Четыре часа спустя я сидел в автобусе, направляющемся в столицу. Как и по дороге сюда, я опять устроился рядом с водителем. Моя спешная командировка в Рим должна помочь, кроме всего прочего, забыть недавний ночной кошмар. И еще я хочу выспаться денек–другой перед большим прыжком. Но самое главное — проверить на бумаге, так ли гениален был Дарио, как он сам это утверждал. В Сору мне необходимо вернуться к празднику. К Гонфаллоне. Так или иначе, все сводится именно к этой дате — двенадцатое августа. И лишь пережив этот день, я узнаю, стоило ли все это таких усилий.

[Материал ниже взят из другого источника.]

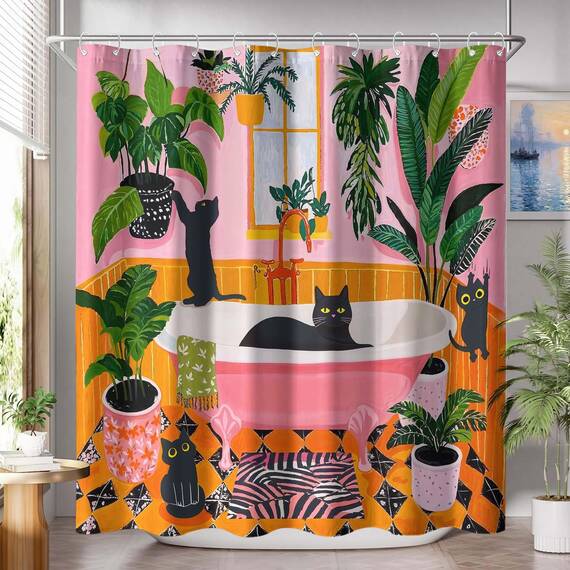 Duschvorhang mit lustiger Katze, Boho, niedlich, lustig, Schwarze Katzen, Matisse, für Badezimmer, grün, Tropische Pflanzen, Blätter, rosa, orange, gelb, wasserdichter Stoff, Dekoration, 183 x 183 cm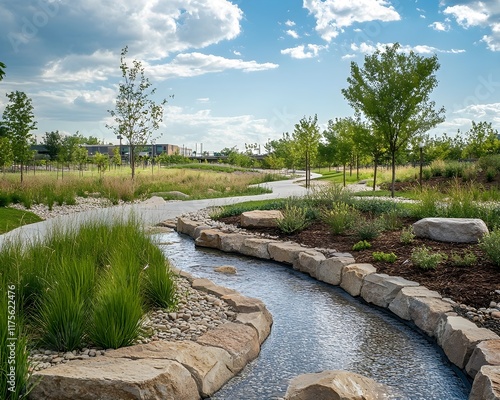 Serene Park Landscape with Winding Stream and Walkway photo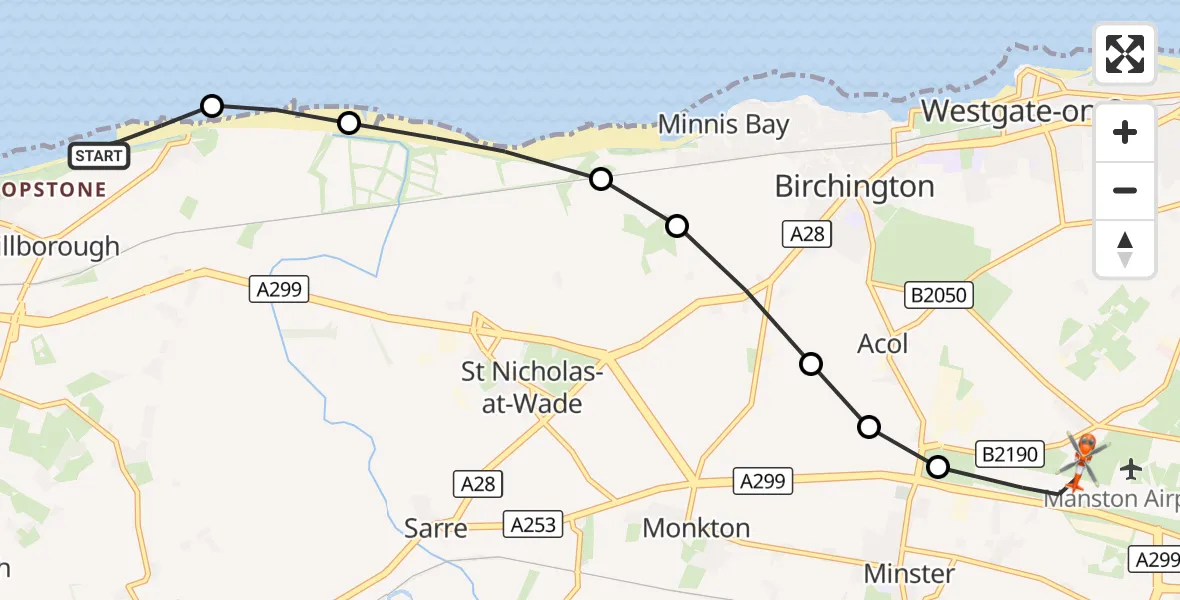 Flight route Coastguard Helicopter Hillborough - Manston Airport, 07 October 2026, 14:15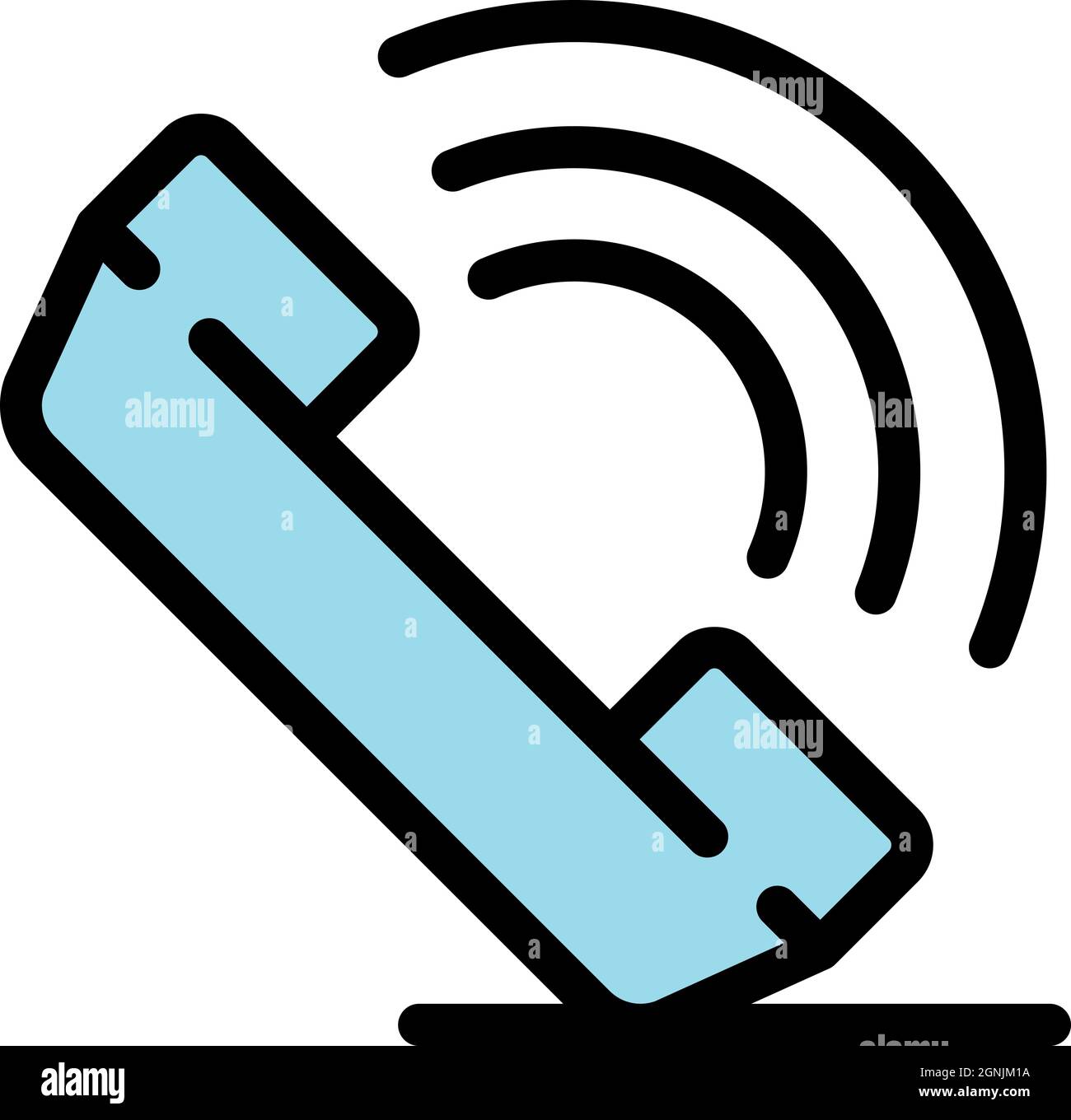 Broker call icon. Outline broker call vector icon color flat isolated ...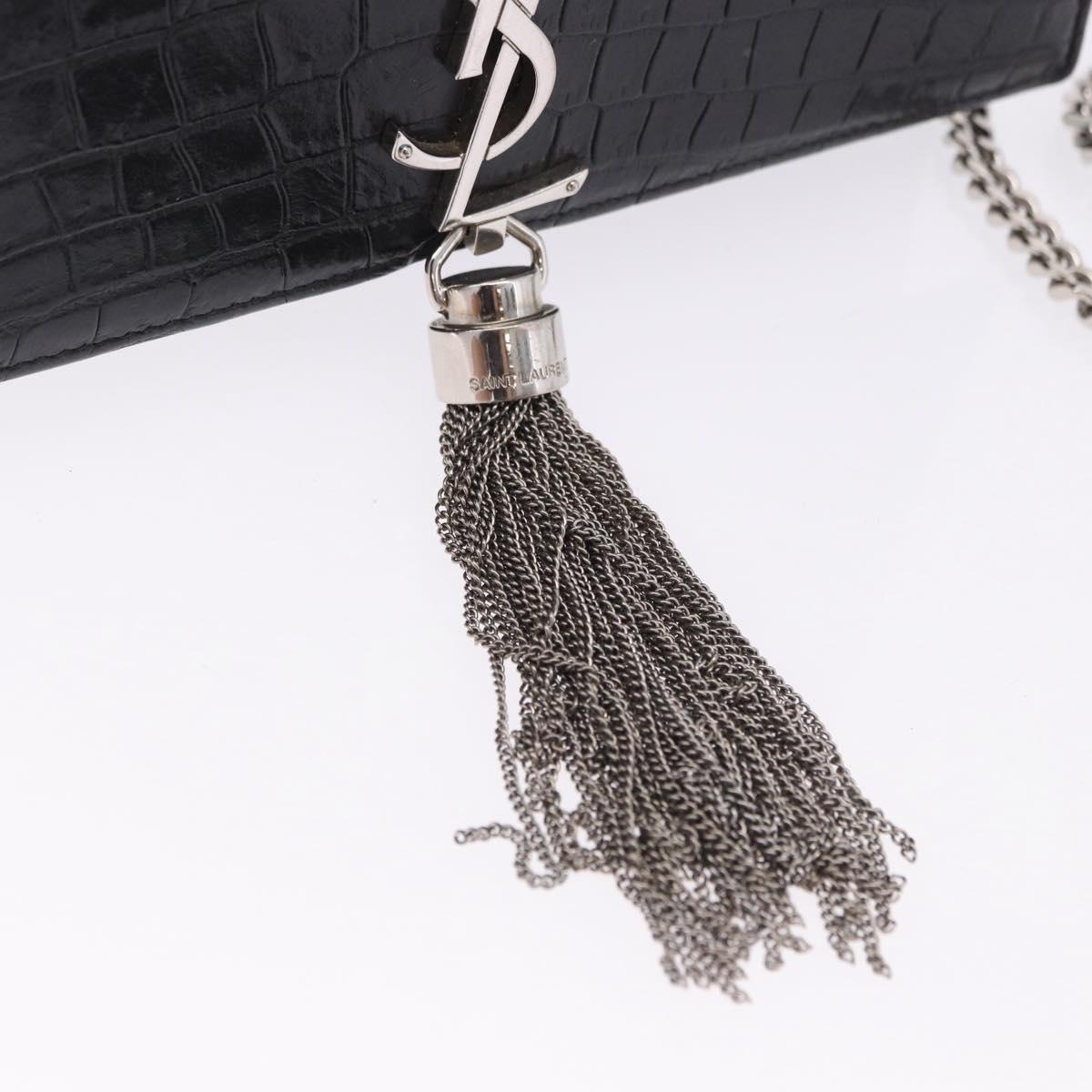 SAINT LAURENT Kate Tassel Chain Bag Leather embossed Black Silver Auth ka5230A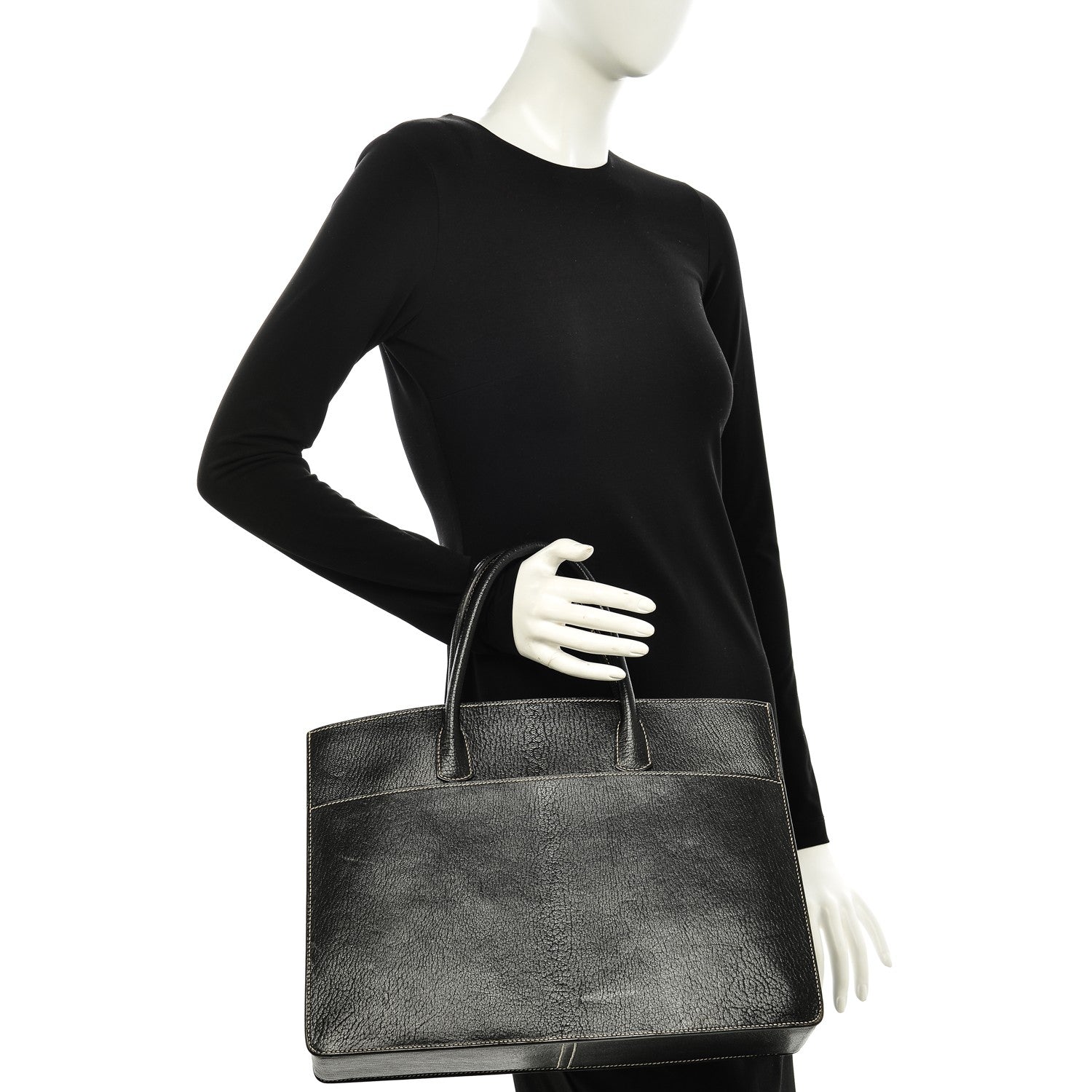 Hermes Chevre de Coromandel White Bus 40 Black 2 of 9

Только тогда я смогу вернуться домой с легким сердцем, довольный уже тем, что попытался воплотить в жизнь мечту друга детства.
Проезжая по Риму, я бросил взгляд на Колизей, потом на монумент в честь Виктора–Эммануила. Сами римляне называют первое «камамбером», а второе — «пишущей машинкой». Даже если и то и другое заслуживает таких прозвищ, я все–таки не уверен, что так уж много римлян близко знакомы с камамбером. Поиск комнаты я начал, повинуясь какому–то рефлексу, неподалеку от вокзала. Оказалось достаточным заглянуть в первый попавшийся ресторанчик, где официант тут же сообщил мне адрес лучшего пансиона с лучшим постельным бельем и лучшей горячей водой во всем квартале и, как будто я сам еще этого не понял, порекомендовал явиться туда от его имени. И попутно добавил, что готовит лучшие «тальятелли» на этой улице.
Несколько часов спустя я проснулся в такой огромной постели, что чета новобрачных вполне могла бы там поместиться вместе со всеми своими свидетелями. Мне это удовольствие обошлось на десять тысяч лир дороже, но я не жалею. Хозяин — здоровенный бородач лет пятидесяти — весьма любезен и не прочь поболтать с клиентами, как только речь заходит о его любимом городе.
— Сколько времени пробудете у нас?
— Мне надо вернуться одиннадцатого утром.
Он достает из кипящей воды длинную макаронину, изучает ее, не пробуя, потом бросает обратно в воду и гасит огонь.